Dans un Japon d’autrefois réinventé, ravagé par des guerres civiles, de profondes injustices et une extrême violence, les chats se sont regroupés en sociétés aussi efficacement que leurs maîtres. Les « domestiqués », des chats appartenant à de grands seigneurs humains, dominent ces sociétés félines, s’enrichissant au détriment des autres chats. Norachiyo, un chamouraï vagabond, erre dans ce Japon féodal. Le passé qu’il pensait avoir laissé derrière lui continue, néanmoins, de le hanter et lorsque ses ennemis sortent de l’ombre les uns après les autres. Il réalise très vite qu’il va devoir user de son sabre s’il veut trouver l’endroit où il pourra enfin reposer en paix…

Un récit de samouraï qui sort de l’ordinaire

Nekogahara est un récit d’action historico-fantastique qui plonge les lecteurs dans un Japon féodal peuplé de chats anthropomorphes. L’intrigue adopte un schéma assez classique où le héros, ambigu et torturé, privé de son maître, erre sans autre but que de trouver un endroit où mourir en paix. Mais, malgré ce scénario qui semble, au premier abord assez basique, Nekogahara est un récit assez atypique sur bien des aspects.

Norachiyo est un véritable anti-héros, hargneux, renfrogné, féroce et incontrôlable. Tout au long de ce tome, il ne cesse de découper ses ennemis. Ce personnage rempli de contradictions, sauvage et méfiant, réfractaire à toute relation avec les autres, aide cependant la veuve et l’orphelin dès qu’il le peut. Même s’il n’a plus de maître, il reste attaché à son honneur et aux valeurs des samouraïs. Il a en horreur l’hypocrisie et la cupidité de certains chats qui traitent leurs semblables avec mépris. Il n’hésite pas à user de stratégies très sournoises contre ses adversaires. Il abat sans pitié ceux qui, selon lui, ont oublié les vertus du vagabondage et ne se comportent pas comme des félins honorables. Ses actes revanchards gagnent en violence au fil des chapitres, à mesure qu’il poursuit son errance, s’attirant de plus en plus d’ennemis.

Ce premier tome pose les bases de cette série en cinq tomes. Un fil rouge s’installe doucement, avec le mystère du passé du héros, le vieux chamouraï Norachiyo. Ce passé sera sans doute développé par la suite, de même que l’intrigue. En alternant des scènes de combats intenses et des moments plus contemplatifs, presque sereins, l’auteur parvient à mettre en place un rythme entraînant et à immerger le lecteur dans son univers.

Un univers original

La société imaginée par Horoyuki Takei, où les chats remplacent les humains, est une trouvaille des plus originales. Au travers de cette idée ingénieuse de faire manier le sabre à des matous tous plus cruels les uns que les autres, le mangaka, à qui l’on doit notamment la série Shaman King, crée un univers qui traite, de manière indirecte, du rapport entre le chat et l’humain. Cette thématique, qui mérite d’être développée et précisée (sans doute dans les prochains tomes), est un des points fort de ce premier tome.

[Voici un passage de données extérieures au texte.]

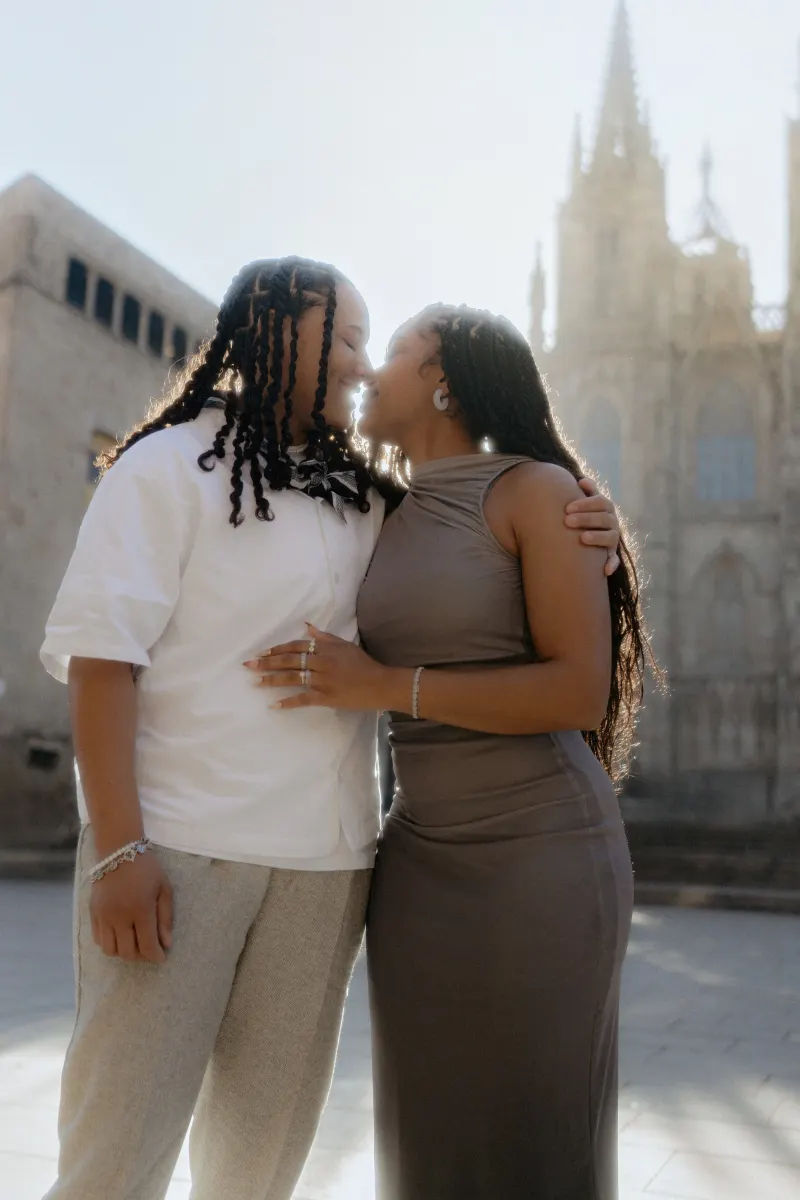 Couple shares a loving kiss outside Barcelona Cathedral, celebrating their engagement during a surprise proposal session.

Autre point intéressant, la violence de cette société très sombre offre un contraste saisissant avec l’aspect mignon des félins. L’auteur joue habilement entre les styles en mélangeant fable animalière et manga de samouraï, sortant ainsi des sentiers battus. Le décalage entre les deux univers est intéressant.

L’utilisation des animaux comme protagonistes, avec un design calqué sur les différentes races de chat, donne lieu à de très belles planches (bien que parfois un peu confuses), notamment dans les moments d’action. Les graphismes, grâce à un joli jeu d’encrage et à des traits épurés, rappelle un peu le style des estampes.

Ce premier tome de Nekogahara devrait plaire aux amateurs d’histoires de samouraï et de Japon féodal.